Question

An aqueous solution of hydrogen sulphide and sulphur dioxide when mixed together yield:
(A)- sulphur and water
(B)- hydrogen peroxide and sulphur
(C)- sulphur trioxide and water
(D)- hydrogen and sulphurous dioxide

Answer 1

Hint: In the given reaction, having two different oxidation states of the sulfur atom, it may act as both an oxidizing and reducing agent accordingly. It will undergo a redox reaction.

Complete step by step solution:
In the given aqueous solution, the reaction between hydrogen sulphide and sulphur dioxide will undergo a redox reaction.
This is because, in the hydrogen sulphide, with the charge on the hydrogen atom is (+1), then the oxidation state of sulfur will be (-2). Similarly, in sulphur dioxide, with the charge on oxygen atom is (-2), then the oxidation of sulfur is (+4). So, we have the sulfur present in two different states in the reactants.
On reaction, the hydrogen sulphide undergoes oxidation, and the sulphur undergoes reduction to produce sulfur and water, as follows:
Oxidation: ${{S}^{2-}}\to {{S}^{0}}+2{{e}^{-}}$
$2{{S}^{2-}}\to 2{{S}^{0}}+4{{e}^{-}}$ -------- (a)
Reduction: ${{S}^{4+}}+4{{e}^{-}}\to {{S}^{0}}$ -------- (b)
Combining equation (a) and (b), we get,
$2{{S}^{2-}}+{{S}^{4+}}\to 3{{S}^{0}}$
$2{{H}_{2}}S(g)+S{{O}_{2}}(g)\to 3S(s)+2{{H}_{2}}O(l)$
It is seen that the hydrogen sulphide acts as a reducing agent, with the change in the oxidation state of sulfur from (-2) to 0. And the sulphur dioxide acts as an oxidizing agent, with the change in oxidation state of sulfur from (+4) to 0.

Therefore, in the reaction of hydrogen sulphide and sulphur dioxide in aqueous solution, a precipitate of sulfur is obtained.

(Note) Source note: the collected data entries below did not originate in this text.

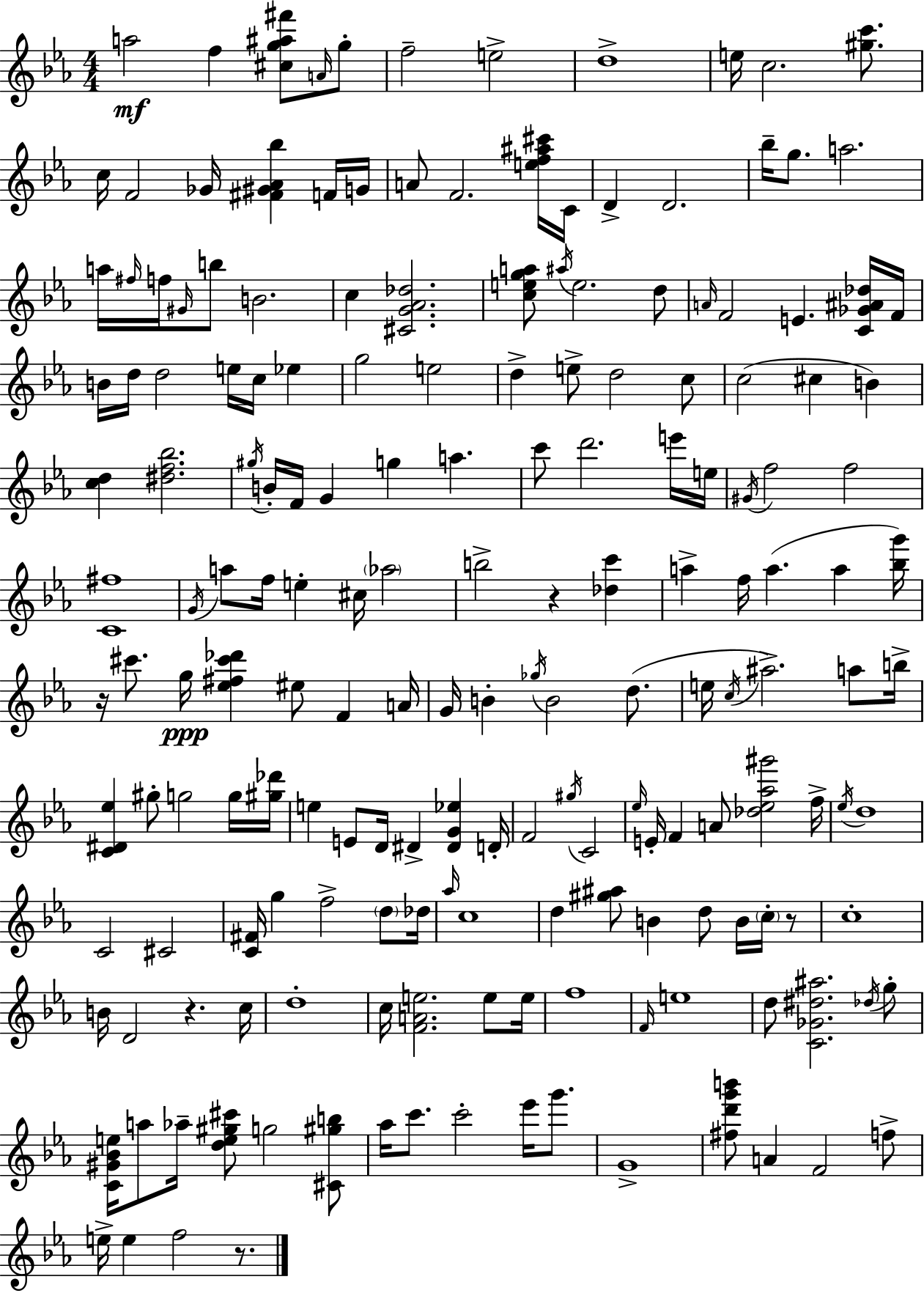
{
  \clef treble
  \numericTimeSignature
  \time 4/4
  \key c \minor
  \repeat volta 2 { a''2\mf f''4 <cis'' g'' ais'' fis'''>8 \grace { a'16 } g''8-. | f''2-- e''2-> | d''1-> | e''16 c''2. <gis'' c'''>8. | \break c''16 f'2 ges'16 <fis' gis' aes' bes''>4 f'16 | g'16 a'8 f'2. <e'' f'' ais'' cis'''>16 | c'16 d'4-> d'2. | bes''16-- g''8. a''2. | \break a''16 \grace { fis''16 } f''16 \grace { gis'16 } b''8 b'2. | c''4 <cis' g' aes' des''>2. | <c'' e'' g'' a''>8 \acciaccatura { ais''16 } e''2. | d''8 \grace { a'16 } f'2 e'4. | \break <c' ges' ais' des''>16 f'16 b'16 d''16 d''2 e''16 | c''16 ees''4 g''2 e''2 | d''4-> e''8-> d''2 | c''8 c''2( cis''4 | \break b'4) <c'' d''>4 <dis'' f'' bes''>2. | \acciaccatura { gis''16 } b'16-. f'16 g'4 g''4 | a''4. c'''8 d'''2. | e'''16 e''16 \acciaccatura { gis'16 } f''2 f''2 | \break <c' fis''>1 | \acciaccatura { g'16 } a''8 f''16 e''4-. cis''16 | \parenthesize aes''2 b''2-> | r4 <des'' c'''>4 a''4-> f''16 a''4.( | \break a''4 <bes'' g'''>16) r16 cis'''8. g''16\ppp <ees'' fis'' cis''' des'''>4 | eis''8 f'4 a'16 g'16 b'4-. \acciaccatura { ges''16 } b'2 | d''8.( e''16 \acciaccatura { c''16 }) ais''2.-> | a''8 b''16-> <c' dis' ees''>4 gis''8-. | \break g''2 g''16 <gis'' des'''>16 e''4 e'8 | d'16 dis'4-> <dis' g' ees''>4 d'16-. f'2 | \acciaccatura { gis''16 } c'2 \grace { ees''16 } e'16-. f'4 | a'8 <des'' ees'' aes'' gis'''>2 f''16-> \acciaccatura { ees''16 } d''1 | \break c'2 | cis'2 <c' fis'>16 g''4 | f''2-> \parenthesize d''8 des''16 \grace { aes''16 } c''1 | d''4 | \break <gis'' ais''>8 b'4 d''8 b'16 \parenthesize c''16-. r8 c''1-. | b'16 d'2 | r4. c''16 d''1-. | c''16 <f' a' e''>2. | \break e''8 e''16 f''1 | \grace { f'16 } e''1 | d''8 | <c' ges' dis'' ais''>2. \acciaccatura { des''16 } g''8-. | \break <c' gis' bes' e''>16 a''8 aes''16-- <d'' e'' gis'' cis'''>8 g''2 <cis' gis'' b''>8 | aes''16 c'''8. c'''2-. ees'''16 g'''8. | g'1-> | <fis'' d''' g''' b'''>8 a'4 f'2 f''8-> | \break e''16-> e''4 f''2 r8. | } \bar "|."
}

So, the reaction yields option (A)- sulphur and water.

Note: The given reaction is a reverse disproportionation reaction, as the sulphur is found to be in two different oxidation states, that is, (-2) and (+4) in the product, as it undergoes both the oxidation and reduction reaction at the same time.